Baked Salmon with Pesto and Sun-dried Tomatoes

Servings: 1
Prep Time: 5 minutes
Cook Time: 20 minutes


  • 1 kg salmon fillet
  • 4 tbsp rocket and walnut pesto (Recipe below)
  • 1 cup chopped sun-dried tomato, cut into thin slices
  • salt

Rocket and walnut Pesto Sauce

  • 3 large garlic cloves
  • 1/2 cup walnuts
  • 2/3 cup Parmigiano-Reggiano, coarsely grated
  • 1 tsp salt
  • 1/2 tsp black pepper
  • 3 cup loosely packed fresh rocket
  • 2/3 cup extra-virgin olive oil


  • In a food processor, finely chops the garlic.  Stop the machine then add the walnuts, parmesan cheese, salt, pepper, and rocket, then process until finely chopped.  While the motor is running, slowly add the olive oil.
  • Preheat oven to 250 degrees Celsius.
  • Wash and pat dry the salmon.
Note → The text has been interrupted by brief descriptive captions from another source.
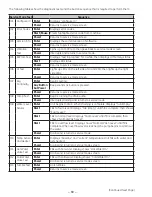 Preview for 60 page of GE PFWS4600L0 Technical Service Manual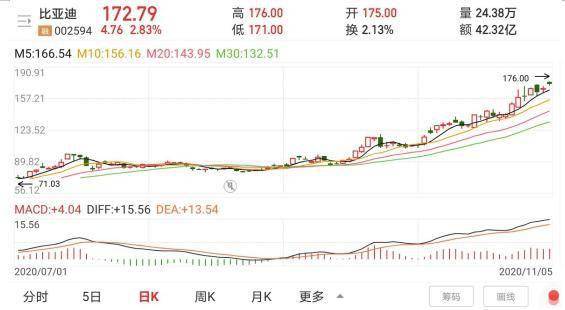 比亚迪股票今日行情港股 0c26fe378a5b4fdd8a4e9322ff9195df.jpeg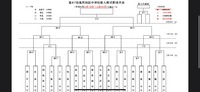 コロナ部活 2022/02/02 16:58:00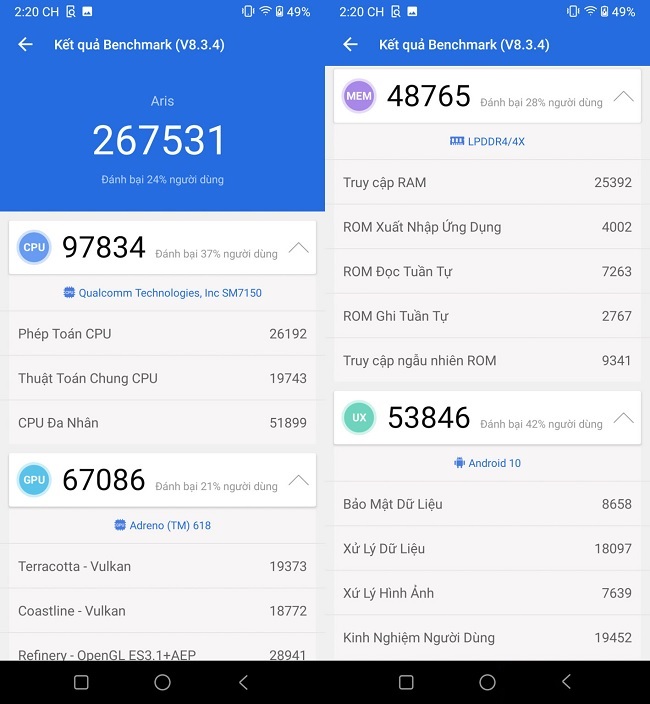 Điểm hiệu năng đo được trên phần mềm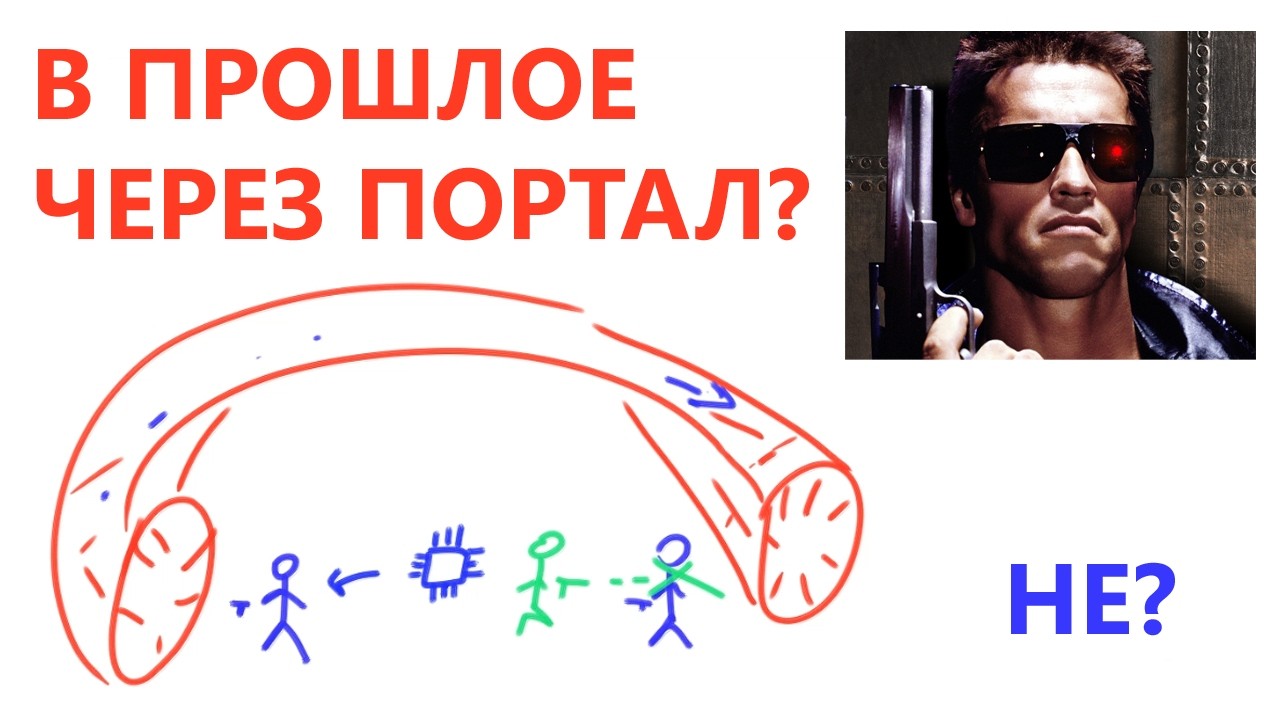 Червоточины ведущие в прошлое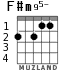 F#m95- for guitar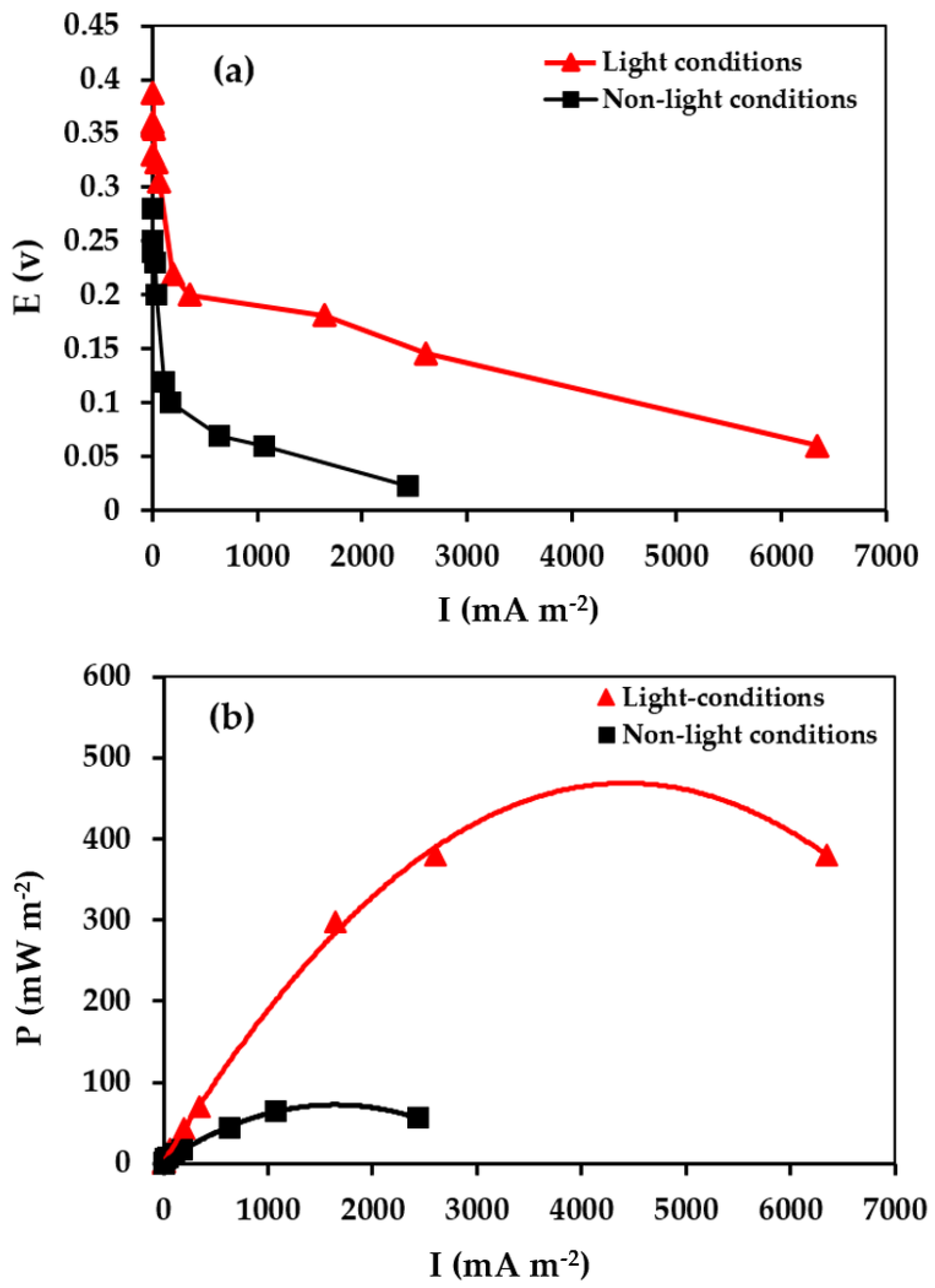 Molecules 28 01894 g006 Molecules 28 01894 g006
Place the fish on the baking dish and spread pesto evenly on top of the fish. Arrange the sun-dried tomato on top of the pesto.
  • Place the tray in the oven and bake for 7 to 10 minutes or until the fish is cooked. Make sure not to overcook the salmon it will dry out.
  • Serve with sabzi polo rice, green salad, or roasted potatoes on the side.